Dat de reeks zo populair is bij kinderen hoeft geen verwondering te wekken. Kevin Hassing bespeelt meesterlijk de typische ingrediënten van series waar jonge lezers zo dol op zijn. Hij werkt met kleurrijke personages, een plot vol spanning en avontuur met een snuif humor en schrijft in een eenvoudige maar wel meeslepende stijl.

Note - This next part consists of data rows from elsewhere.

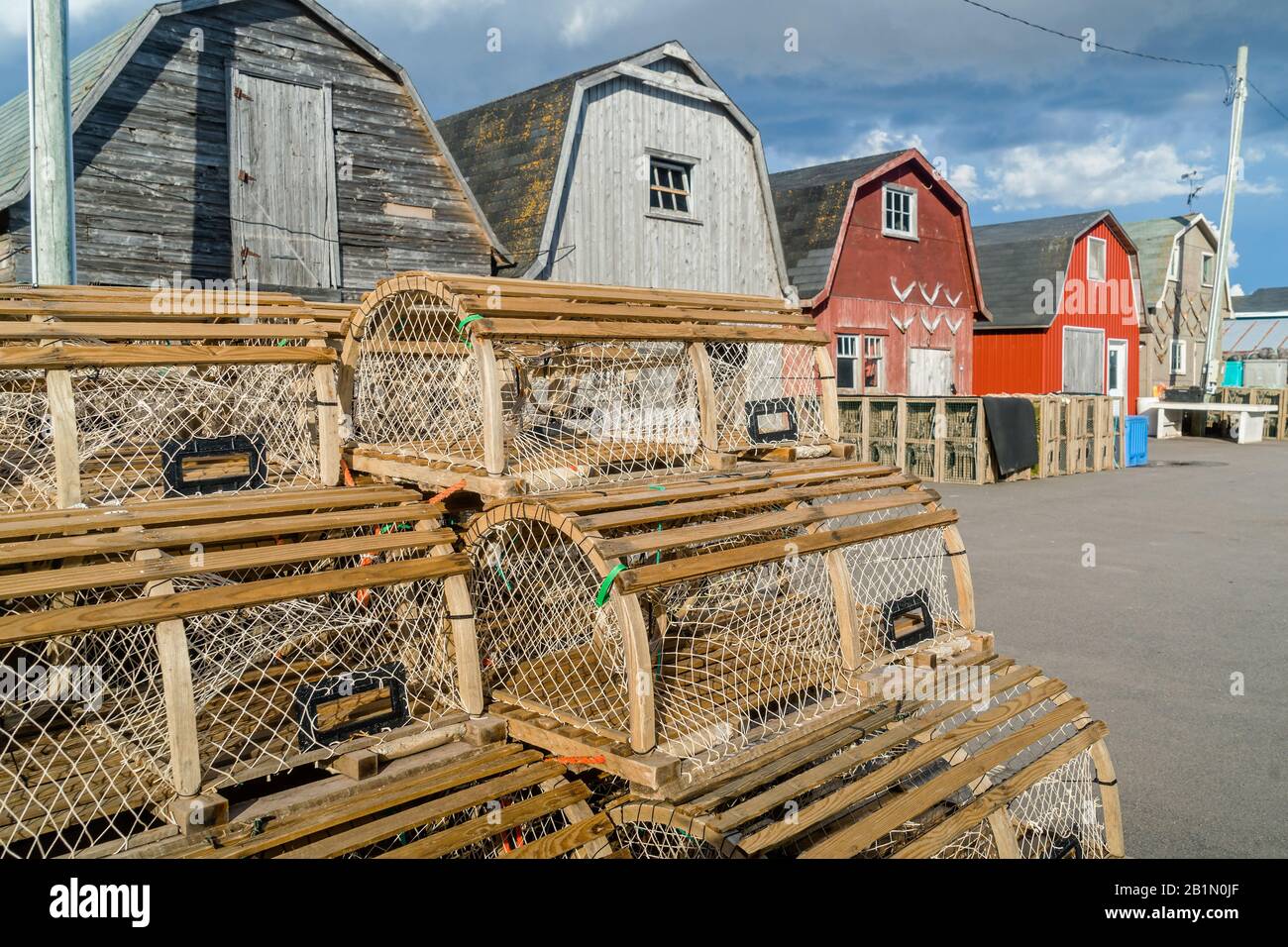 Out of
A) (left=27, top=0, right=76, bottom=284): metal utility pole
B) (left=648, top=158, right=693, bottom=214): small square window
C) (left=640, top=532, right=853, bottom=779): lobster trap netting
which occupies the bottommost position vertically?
(left=640, top=532, right=853, bottom=779): lobster trap netting

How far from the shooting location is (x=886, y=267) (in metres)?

Bijzondere, kleurrijke personages ten tonele voeren, daar is Hassing het sterkste in. Hoofdpersonage Mus is zoals zo vaak in klassiekers een wees (al blijkt dat uiteindelijk niet te kloppen), klein maar dapper en slim en vooral omringd door heel aparte vrienden. Kapitein Kwaadbaard is een harige piratenkapitein met een gouden hart die goed kan knuffelen. De Buffel is een onvoorstelbaar sterke reus die zijn naam niet gestolen heeft en Kromme Kareltje loopt inderdaad krommer dan krom. In dit nieuwe verhaal worden ze bijgestaan door de kleine Raaf, ooit een ‘poederaap’ die buskruit in de kanonnen deed. De paardenfokker Modder wordt door Mus getypeerd als ‘een aparte. Maar wel heel vrolijk.’ Kroegbazin Manke Melissa loopt zo mogelijk nog krommer dan kromme Kareltje en ‘Twintig’ is een genadeloze premiejager, die de vrienden broodnodig blijken te hebben in dit verhaal. De vijand is complex. Het gaat om Venezuela, de geliefde van de Buffel, die echter bezeten blijkt door een furie. Ze wordt geholpen door de valse maar domme Soef. Typisch voor het genre zijn ook de bijzondere dieren en voorwerpen die de personages helpen, hier bijvoorbeeld de hartsvanger van Mus. En al even typisch is dat sommige personages weggeplukt worden uit populaire genres als klassieke mythen (de furie) en westerns (de premiejager).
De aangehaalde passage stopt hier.